What is expected:
Print the entire listing. Each line must match the original exactly.

Supplied data:
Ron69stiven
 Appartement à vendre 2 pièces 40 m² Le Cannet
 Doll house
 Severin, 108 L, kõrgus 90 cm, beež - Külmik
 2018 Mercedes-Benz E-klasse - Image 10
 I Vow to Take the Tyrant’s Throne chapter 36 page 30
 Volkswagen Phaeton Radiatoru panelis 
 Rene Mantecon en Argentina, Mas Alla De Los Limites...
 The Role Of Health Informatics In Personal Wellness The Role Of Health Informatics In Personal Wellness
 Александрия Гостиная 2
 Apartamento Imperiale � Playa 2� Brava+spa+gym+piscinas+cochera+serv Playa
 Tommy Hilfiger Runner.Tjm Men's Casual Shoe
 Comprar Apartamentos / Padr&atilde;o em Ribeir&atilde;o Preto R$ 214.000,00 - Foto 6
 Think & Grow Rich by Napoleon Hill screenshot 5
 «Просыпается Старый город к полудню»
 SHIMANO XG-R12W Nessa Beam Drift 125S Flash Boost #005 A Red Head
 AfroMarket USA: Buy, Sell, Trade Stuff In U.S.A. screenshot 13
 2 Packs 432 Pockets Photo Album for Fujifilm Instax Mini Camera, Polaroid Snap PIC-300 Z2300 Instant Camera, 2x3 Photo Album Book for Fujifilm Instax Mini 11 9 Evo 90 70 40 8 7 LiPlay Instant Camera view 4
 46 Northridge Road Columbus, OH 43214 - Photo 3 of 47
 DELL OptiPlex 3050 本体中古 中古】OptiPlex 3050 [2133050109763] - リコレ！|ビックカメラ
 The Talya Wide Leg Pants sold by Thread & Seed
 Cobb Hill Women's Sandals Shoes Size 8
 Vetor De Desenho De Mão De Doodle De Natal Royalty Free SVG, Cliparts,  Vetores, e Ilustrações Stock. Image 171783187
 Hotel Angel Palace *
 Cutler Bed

Written solution:
Ron69stiven
 Appartement à vendre 2 pièces 40 m² Le Cannet
 Doll house
 Severin, 108 L, kõrgus 90 cm, beež - Külmik
 2018 Mercedes-Benz E-klasse - Image 10
 I Vow to Take the Tyrant’s Throne chapter 36 page 30
 Volkswagen Phaeton Radiatoru panelis 
 Rene Mantecon en Argentina, Mas Alla De Los Limites...
 The Role Of Health Informatics In Personal Wellness The Role Of Health Informatics In Personal Wellness
 Александрия Гостиная 2
 Apartamento Imperiale � Playa 2� Brava+spa+gym+piscinas+cochera+serv Playa
 Tommy Hilfiger Runner.Tjm Men's Casual Shoe
 Comprar Apartamentos / Padr&atilde;o em Ribeir&atilde;o Preto R$ 214.000,00 - Foto 6
 Think & Grow Rich by Napoleon Hill screenshot 5
 «Просыпается Старый город к полудню»
 SHIMANO XG-R12W Nessa Beam Drift 125S Flash Boost #005 A Red Head
 AfroMarket USA: Buy, Sell, Trade Stuff In U.S.A. screenshot 13
 2 Packs 432 Pockets Photo Album for Fujifilm Instax Mini Camera, Polaroid Snap PIC-300 Z2300 Instant Camera, 2x3 Photo Album Book for Fujifilm Instax Mini 11 9 Evo 90 70 40 8 7 LiPlay Instant Camera view 4
 46 Northridge Road Columbus, OH 43214 - Photo 3 of 47
 DELL OptiPlex 3050 本体中古 中古】OptiPlex 3050 [2133050109763] - リコレ！|ビックカメラ
 The Talya Wide Leg Pants sold by Thread & Seed
 Cobb Hill Women's Sandals Shoes Size 8
 Vetor De Desenho De Mão De Doodle De Natal Royalty Free SVG, Cliparts,  Vetores, e Ilustrações Stock. Image 171783187
 Hotel Angel Palace *
 Cutler Bed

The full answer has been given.